Quand l’architecture, la sculpture, le dessin et les arts du cirque croisent leurs lignes, c’est en Corrèze que l’on prend l’air avec des spectacles en déséquilibre constant avec le festival Respire! du 26 septembre au 6 octobre.

Respire ! ouvre pour la troisième fois la saison de la scène nationale L’Empreinte, entre Brive-la-Gaillarde et Tulle, condensant sur une semaine des propositions circassiennes, chorégraphiques et théâtrales inventives, participatives, in situ et gratuites.

Parmi les sept spectacles — dont l’indécrottable Safari intime de l’Opéra Pagaï (presque vingt ans au compteur) ou le festnoz contemporain des danseuses de C’hoari —, gros plan sur trois créations circassiennes du déséquilibre. Toutes choisissent l’intervalle, le suspense et la lenteur, dans ce sillon du cirque contemporain, qui, depuis les années 1990, s’émancipe de l’amoncellement de numéros et d’une technique ostentatoire. Avec Chloé Moglia, Nicolas Fraiseau et Benoit Canteteau, l’acceptation de la fragilité érige une force non plus démonstrative, mais poétique.

La Spire, Chloé Moglia – Rhizome

Chloé Moglia se suspend depuis longtemps, cherchant un espace entre le ciel et la terre le long de mâts fragiles ou de spirales mathématiques. Sa nouvelle installation-spectacle, La Spire, elle l’a imaginée « comme une structure-sculpture, à la fois légère et monumentale ; l’élévation horizontale d’une spirale en filin d’acier, formant trois boucles successives de sept mètres de diamètre, sur dix-huit mètres de longueur, et qui abrite en son centre un espace vide ».

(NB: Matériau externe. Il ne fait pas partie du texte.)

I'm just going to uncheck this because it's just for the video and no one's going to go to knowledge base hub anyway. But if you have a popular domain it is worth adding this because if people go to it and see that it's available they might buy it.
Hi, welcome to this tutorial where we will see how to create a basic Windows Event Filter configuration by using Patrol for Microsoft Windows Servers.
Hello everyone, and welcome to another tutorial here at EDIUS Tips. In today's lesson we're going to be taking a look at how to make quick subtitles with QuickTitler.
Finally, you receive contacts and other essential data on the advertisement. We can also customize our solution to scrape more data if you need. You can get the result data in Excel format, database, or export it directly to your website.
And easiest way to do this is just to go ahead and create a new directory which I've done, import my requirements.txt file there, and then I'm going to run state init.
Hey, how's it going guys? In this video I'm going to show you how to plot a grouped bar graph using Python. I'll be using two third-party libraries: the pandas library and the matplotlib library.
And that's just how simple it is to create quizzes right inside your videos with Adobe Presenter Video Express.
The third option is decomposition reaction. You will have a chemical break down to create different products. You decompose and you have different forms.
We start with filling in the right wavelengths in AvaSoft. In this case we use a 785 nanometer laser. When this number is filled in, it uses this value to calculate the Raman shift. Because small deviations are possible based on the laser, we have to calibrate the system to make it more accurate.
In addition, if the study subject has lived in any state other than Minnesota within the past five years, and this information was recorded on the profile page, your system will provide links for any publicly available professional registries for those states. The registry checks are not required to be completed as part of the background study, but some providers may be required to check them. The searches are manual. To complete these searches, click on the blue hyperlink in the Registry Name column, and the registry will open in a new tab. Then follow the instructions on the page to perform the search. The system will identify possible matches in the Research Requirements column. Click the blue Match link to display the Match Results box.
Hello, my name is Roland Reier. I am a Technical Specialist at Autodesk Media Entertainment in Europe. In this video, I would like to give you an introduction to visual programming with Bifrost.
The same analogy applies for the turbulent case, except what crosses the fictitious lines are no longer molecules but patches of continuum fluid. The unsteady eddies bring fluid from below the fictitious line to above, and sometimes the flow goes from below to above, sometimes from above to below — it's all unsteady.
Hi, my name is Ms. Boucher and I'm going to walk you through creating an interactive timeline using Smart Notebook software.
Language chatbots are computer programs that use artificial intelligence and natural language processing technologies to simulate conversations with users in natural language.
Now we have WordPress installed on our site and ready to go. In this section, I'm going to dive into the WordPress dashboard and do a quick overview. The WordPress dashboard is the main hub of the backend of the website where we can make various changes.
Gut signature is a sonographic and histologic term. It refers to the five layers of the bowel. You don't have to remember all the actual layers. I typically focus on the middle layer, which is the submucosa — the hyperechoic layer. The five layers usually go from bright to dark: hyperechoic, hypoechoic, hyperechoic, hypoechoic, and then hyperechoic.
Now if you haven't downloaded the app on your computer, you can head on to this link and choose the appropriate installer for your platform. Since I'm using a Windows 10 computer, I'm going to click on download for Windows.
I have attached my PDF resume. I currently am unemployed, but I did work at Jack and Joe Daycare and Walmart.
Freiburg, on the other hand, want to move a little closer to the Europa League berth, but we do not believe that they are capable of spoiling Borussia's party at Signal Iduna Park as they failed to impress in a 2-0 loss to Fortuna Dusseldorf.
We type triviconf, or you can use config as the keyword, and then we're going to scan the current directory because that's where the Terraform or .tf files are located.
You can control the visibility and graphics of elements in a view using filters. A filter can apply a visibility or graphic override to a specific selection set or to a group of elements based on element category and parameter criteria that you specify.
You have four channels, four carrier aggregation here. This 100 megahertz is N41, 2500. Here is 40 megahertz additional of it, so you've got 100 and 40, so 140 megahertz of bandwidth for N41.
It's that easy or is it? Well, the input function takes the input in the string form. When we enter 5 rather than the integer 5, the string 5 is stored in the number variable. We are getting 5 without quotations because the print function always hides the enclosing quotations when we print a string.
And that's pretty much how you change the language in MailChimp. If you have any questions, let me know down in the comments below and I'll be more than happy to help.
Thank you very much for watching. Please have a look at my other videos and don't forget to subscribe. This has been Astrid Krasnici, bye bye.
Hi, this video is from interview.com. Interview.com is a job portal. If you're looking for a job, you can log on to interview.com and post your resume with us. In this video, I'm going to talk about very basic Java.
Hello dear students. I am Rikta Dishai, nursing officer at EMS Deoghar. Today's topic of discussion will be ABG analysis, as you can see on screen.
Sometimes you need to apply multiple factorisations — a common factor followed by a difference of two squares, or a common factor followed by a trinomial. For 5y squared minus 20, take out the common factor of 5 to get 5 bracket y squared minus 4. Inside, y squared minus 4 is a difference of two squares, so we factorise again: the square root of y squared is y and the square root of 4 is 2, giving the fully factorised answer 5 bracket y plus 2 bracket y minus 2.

Le long de ces filins graciles, cinq femmes avancent d’une extrémité à l’autre, telles des grappes humaines. Immobiles, fortes et tremblantes comme des feuilles prêtes à tomber, elles cheminent, se croisent, inventent des liens et des jeux. Au sol, la fidèle musicienne Marielle Chatain fait résonner encore plus fort cette étonnante constellation féminine.

h o m, groupe FLUO

Au commencent de h o m, aucun agrès n’est en vue. Au sol, des amoncellements de bâtons de bois : la création en kit de Benoit Canteteau, du Groupe FLUO, qui va une heure durant fabriquer son stabile en direct, comme un mikado géant qui aurait la gracilité des mobiles de Calder.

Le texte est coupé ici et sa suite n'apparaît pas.